I was at work, and had been set up as a dare to ask to sing the national anthem at the end of our team meeting. My boss looked at me funny and said that we'd better get back to our desks so that we could see what was on the news.
"Why, what happened?"
"There's been a plane crash in New York and [co-worker's] family are over there at the moment, so he's a little worried."
I felt bad about my little joke, but didn't think too much of it - sure, it svcked for my colleague's family, but there were plane crashes all the time and the chances of anyone we knew being affected were pretty remote.

So I got back to my desk and looked at the BBC website, which was still in its infancy in those days. I read something about suspected hijackers and clicked away, uninterested. I mean, even though hijackers were more common in the 80s than at the turn of the millennium, the idea of a hijacked plane crashing in a foreign country was barely even newsworthy.

Then a few minutes later, a colleague said that a second plane had crashed, and that started to sound really weird. I wondered what was going on, but the BBC website had gone down through too much traffic. That had to be pretty big, to bring down the BBC. As the hours passed, it started to feel scarier and scarier, because I couldn't remember anything like that ever happening before. Yes, buildings had been blown up and planes hijacked and even sometimes they crashed but that was business as usual for Planet Earth. Something like this was a horrible kind of new, and I grew increasingly frantic as I remembered how many of my internet friends were based in New York.

Forums weren't really big in those days - I kept in touch with my friends through email distribution lists based around old usenet groups.
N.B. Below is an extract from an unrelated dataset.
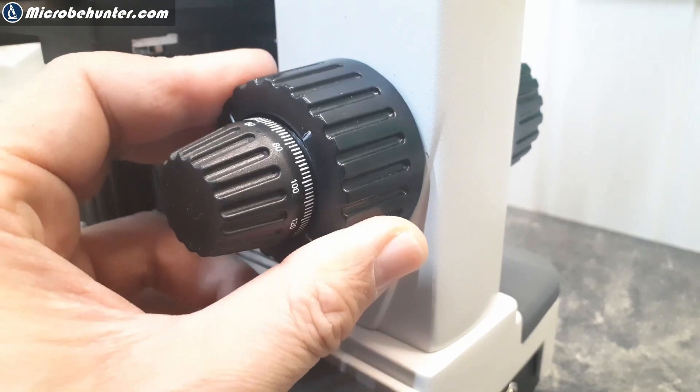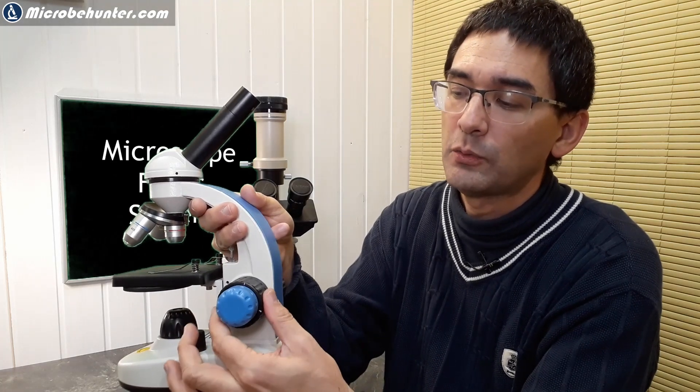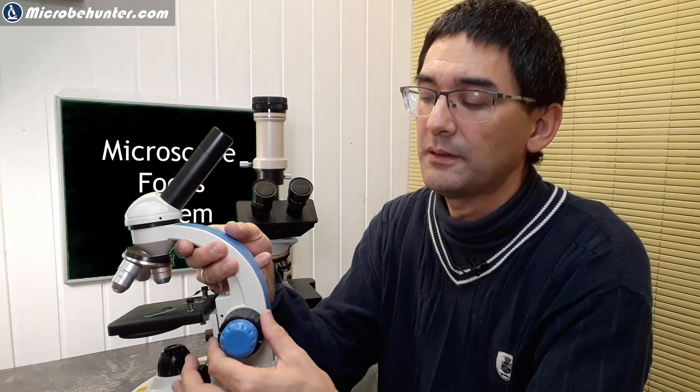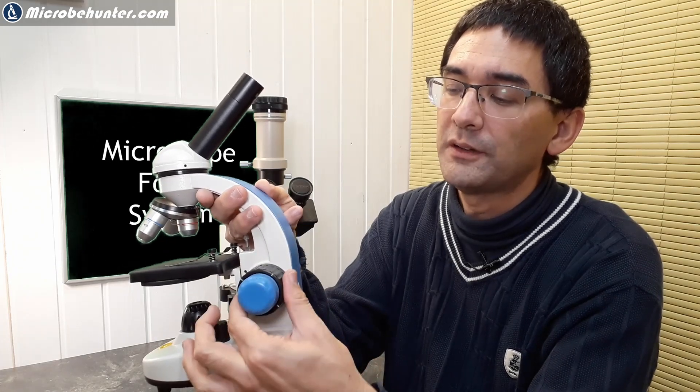All better microscopes have a decoupled system where the fine focus knob doesn't spin with the coarse. The mechanics are probably a bit more complex in those systems, which is why on lower-cost microscopes you often find that the coarse and fine focus knob is combined. But I would say this is not a big issue.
Emails passed back and forth as fast as the internet could carry them, as we rushed to try to get hold of people we knew and make sure they were safe. Collective sighs of relief as each was ticked off in turn: "Carrie just reached him on his mobile; he's fine, but he can't go home."

Through the timezones, we kept stranded people virtual company as they were trapped in their office buildings. A bridge had closed, trapping one girl at her workplace, where she had to sleep overnight. She was scared and upset, but we could keep her talking and make sure that she knew that her friends were only a keyboard away.

A year later, she came to the UK for a visit. She told me she still had problems with her eye from all the dust that had got in there that day.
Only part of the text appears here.